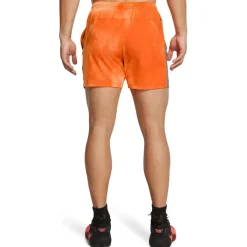 Under Armour Mens Armour Pjt Rock Ultimate 5 Pt Sts Gym Shorts in Orange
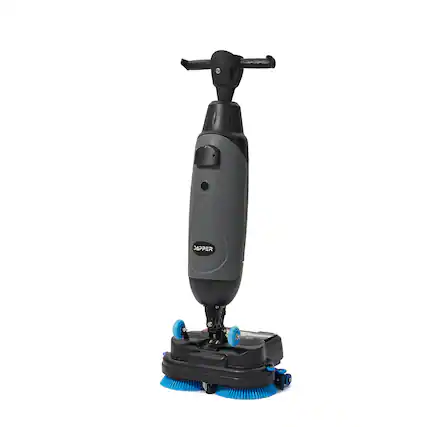 Front. Dapper Supply - Battery Powered Walk Behind Floor Scrubber 17 Inch Cleaning Path 1.2 Gal Tank Up to 13000 Sq Ft/hr - Black.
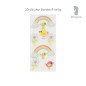 Preview: Sticker Garden 9-teilig 3D-Optik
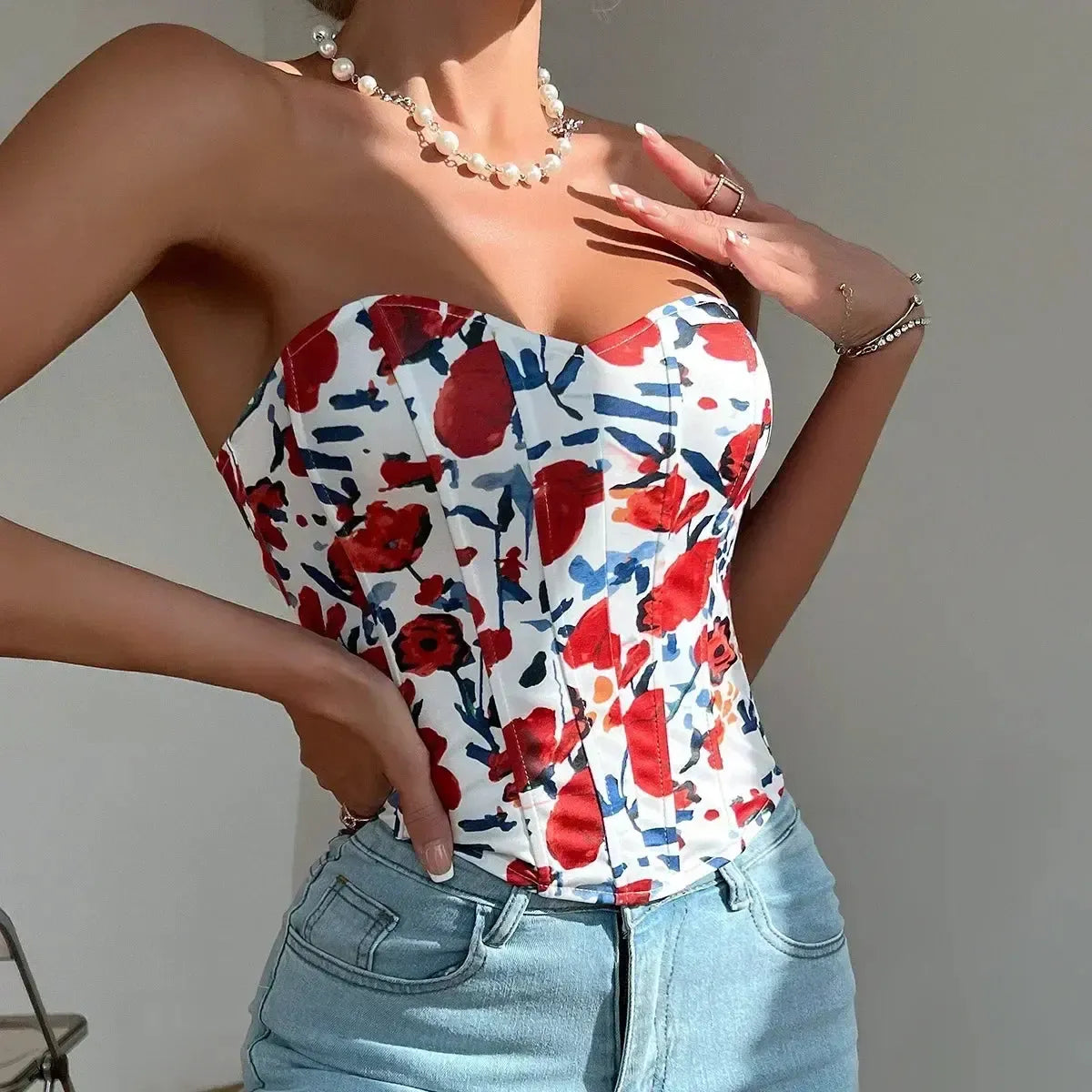 Bustier Sans Bretelles Sexy-Saylana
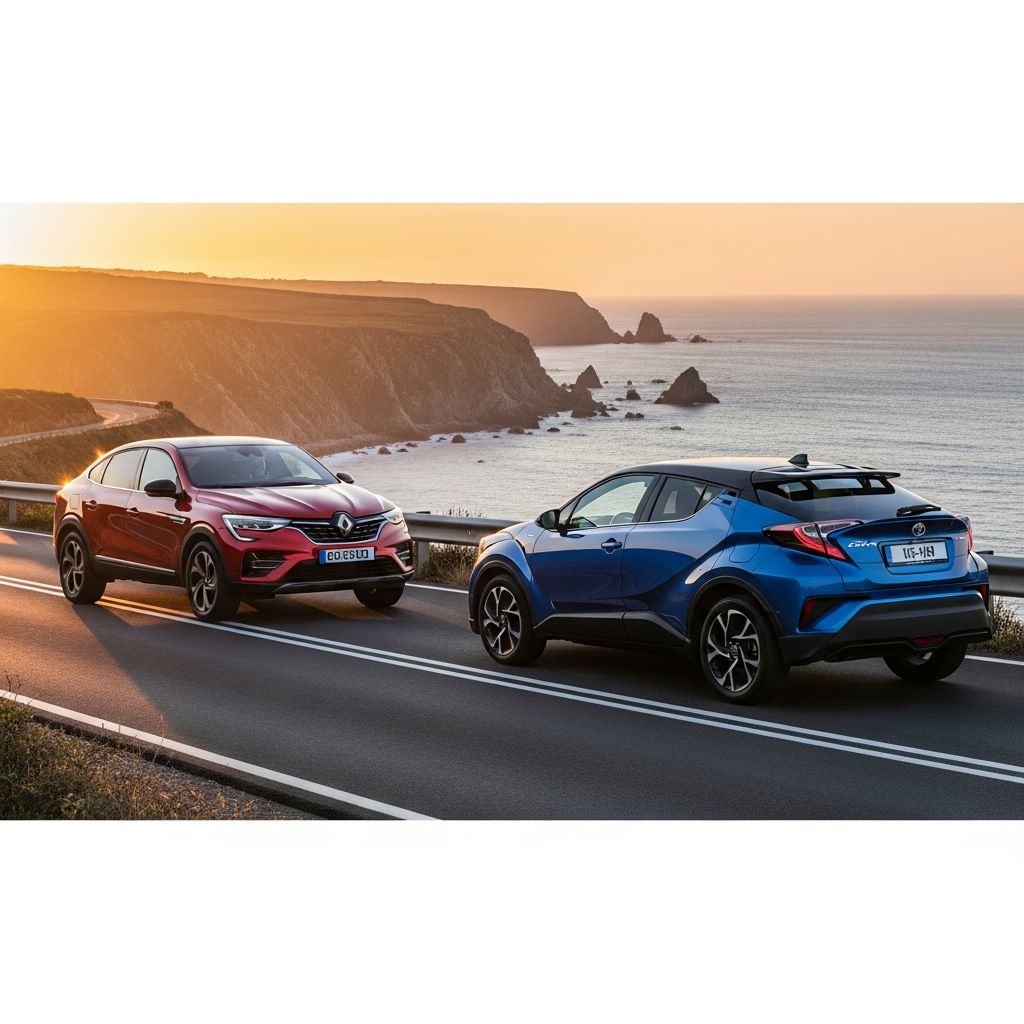 Discover which hybrid SUV excels in comfort, efficiency, and driving dynamics: Renault Arkana or Toyota C-HR in our in-depth 2021 showdown.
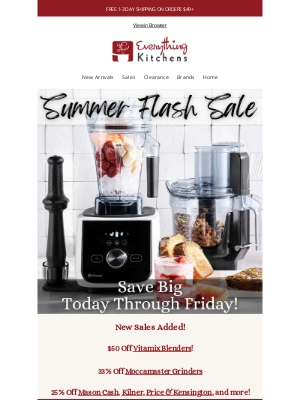 Everything Kitchens - 🌞 Summer Savings Flash Sale Starts Now! This Week Only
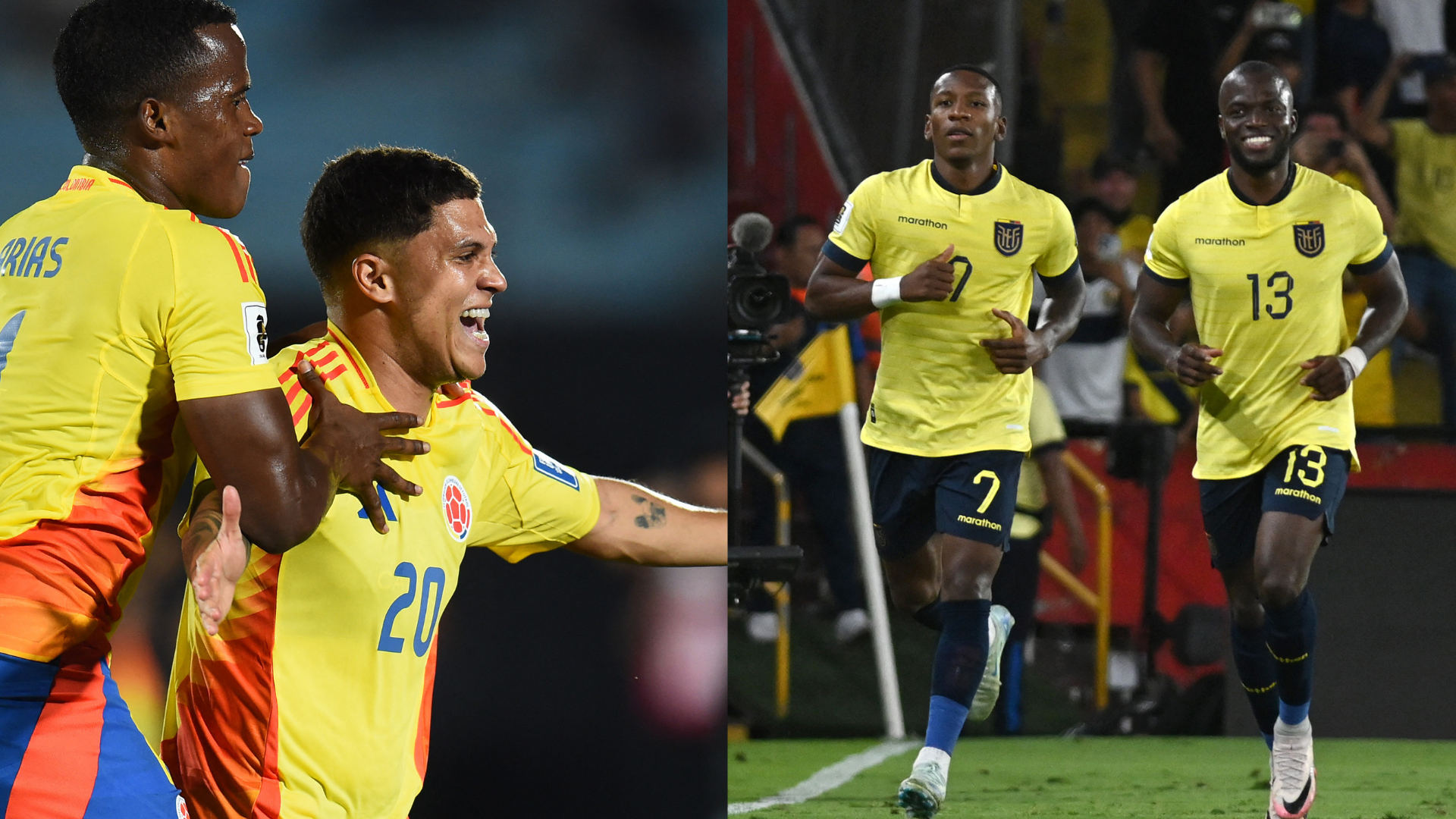 Esta es la cifra que favorece a Colombia como local ante Ecuador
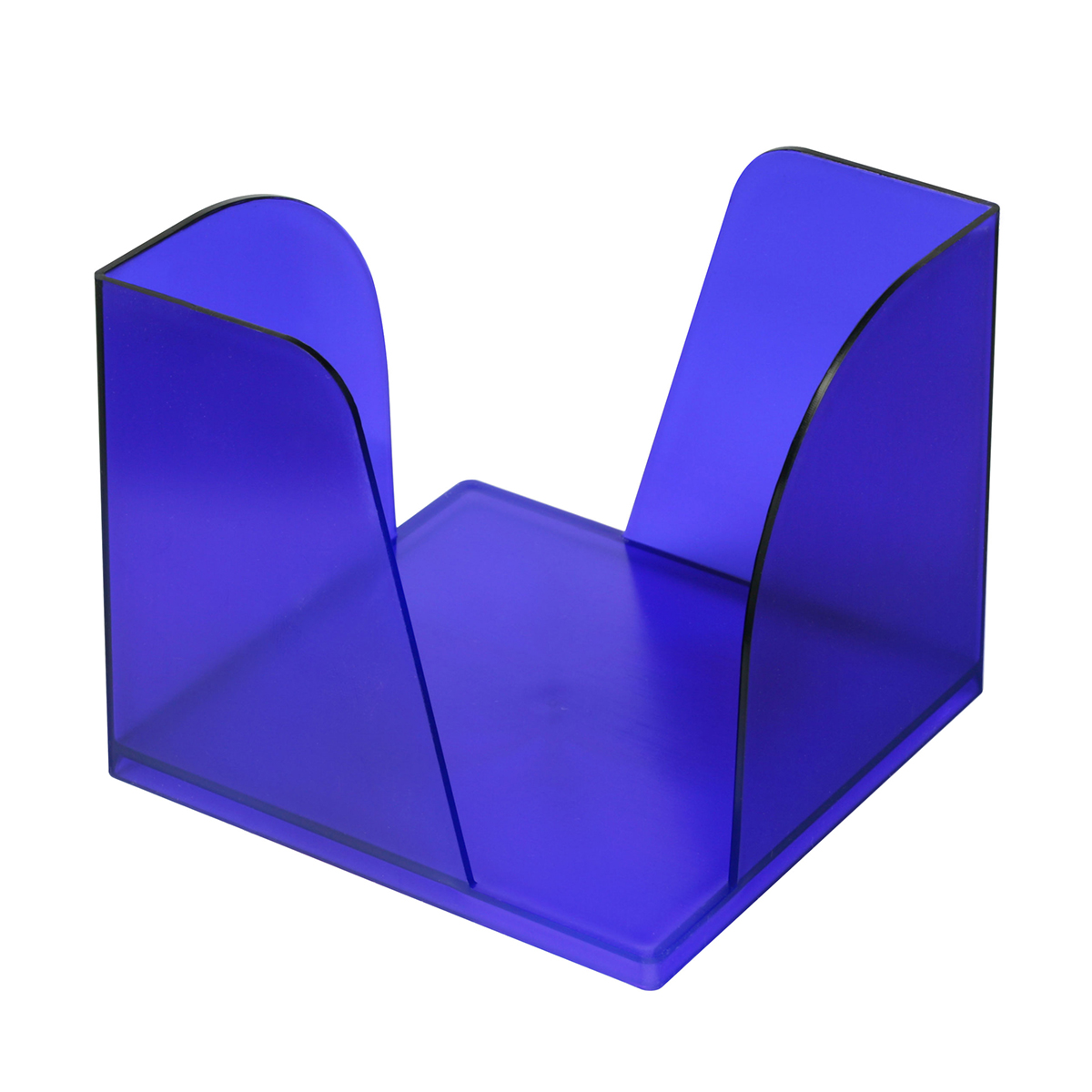 Zettelbox "Gamma", gefrostet blau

---

- [Your assignment] Write out the material above exactly. Skip the pictures.

- [Exercise answer]
 Under Armour Mens Armour Pjt Rock Ultimate 5 Pt Sts Gym Shorts in Orange
 Front. Dapper Supply - Battery Powered Walk Behind Floor Scrubber 17 Inch Cleaning Path 1.2 Gal Tank Up to 13000 Sq Ft/hr - Black.
 Preview: Sticker Garden 9-teilig 3D-Optik
 Bustier Sans Bretelles Sexy-Saylana
 Discover which hybrid SUV excels in comfort, efficiency, and driving dynamics: Renault Arkana or Toyota C-HR in our in-depth 2021 showdown.
 Everything Kitchens - 🌞 Summer Savings Flash Sale Starts Now! This Week Only
 Esta es la cifra que favorece a Colombia como local ante Ecuador
 Zettelbox "Gamma", gefrostet blau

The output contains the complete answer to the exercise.